Event
Béatrice Balcou x Yuki Okumura: Double Suicide at kumagusuku
Aug 24, 2018 (fri) – Sep 2, 2018 (sun)
Hours: 14:00 – 21:00
Admission:Free
KYOTO ART HOSTEL kumagusuku
http://kumagusuku.info/
Access: 37-3 Mibubaba-cho, Nakagyo-ku, Kyoto, 604-8805, JAPAN
Tel: 075-432-8168
Hours: -
Closed: -
About
We are thrilled to announce our two-person exhibition titled Béatrice Balcou x Yuki Okumura: Double Suicide at kumagusuku, as KYOTO ART HOSTEL kumagusuku’s 5th main exhibition.
We first met each other in Brussels, in the spring of 2015. It felt somewhat predestined, as we found almost miraculous similarities between each other’s practice, much more than any other artists in the world. First of all, questioning the position of the author, we both, while by respectively different means, have always mediated another artist’s work or life, and presented this act of mediation itself as our work. It might look as if a suicidal act as an artist, but that is where our artistic position lies. Secondly, in doing so, we have never “collaborated” with the artist. Our approach to another artist is certainly based on love and respect, but it is always unilateral, remaining distant and not working together directly. However, just between the two of us, based on our similar attitudes, perhaps we could find a way of collaboration, a way of working as equals. If so, what kind of form would it take?
Having arrived in Kyoto in the spring of 2018, looking for an answer to this question, we first looked into the structure of Bunraku. In fact, in my practice, I (Balcou) behave like a Bunraku puppeteer. For example, in the Untitled Ceremony series, I handle another artist’s work very carefully, in order to construct an intimate situation for a small number of audience members to “appreciate” it. The protagonist is the artwork itself, manipulated by myself positioned behind it, as a body that is actually visible yet conceptually absent. On the other hand, in my practice, the way I (Okumura) narrate stories is like that of a Bunraku reciter (called Tayu). Especially in my recent works using the formats of interview and artist statement, with my single voice, I speak as various artists, re-living their lives with my own body. On a Bunraku stage, puppeteers and a Tayu (along with a Shamisen player) do their jobs in parallel, assisting each other without interacting directly, so that one same story unfolds.

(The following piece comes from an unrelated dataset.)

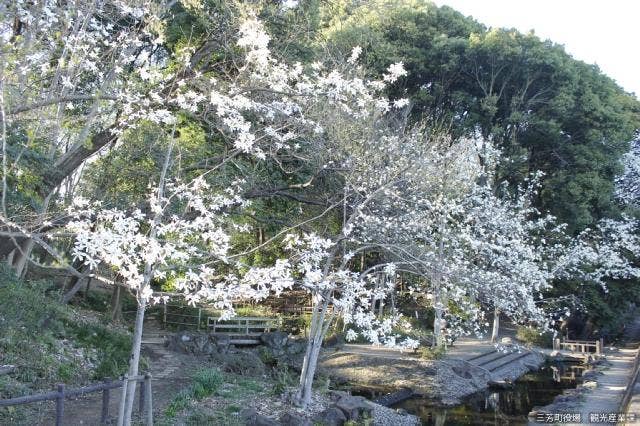 竹間沢こぶしの里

If so, through our own way of mutual assistance, with kumagusuku as the stage, what kind of story should we build?
As a tentative response to these questions, in this exhibition, we attempt to mediate each other. With “you,” rather than “him” or “her,” assigned for the position of “the other artist” in each of our work, our unilateral love and respect towards each other intersects, and this mutuality could lead to equality in approximation. And then, what might begin there, we think, is a story of our own, an impossible dream of “a world only with the two of us.”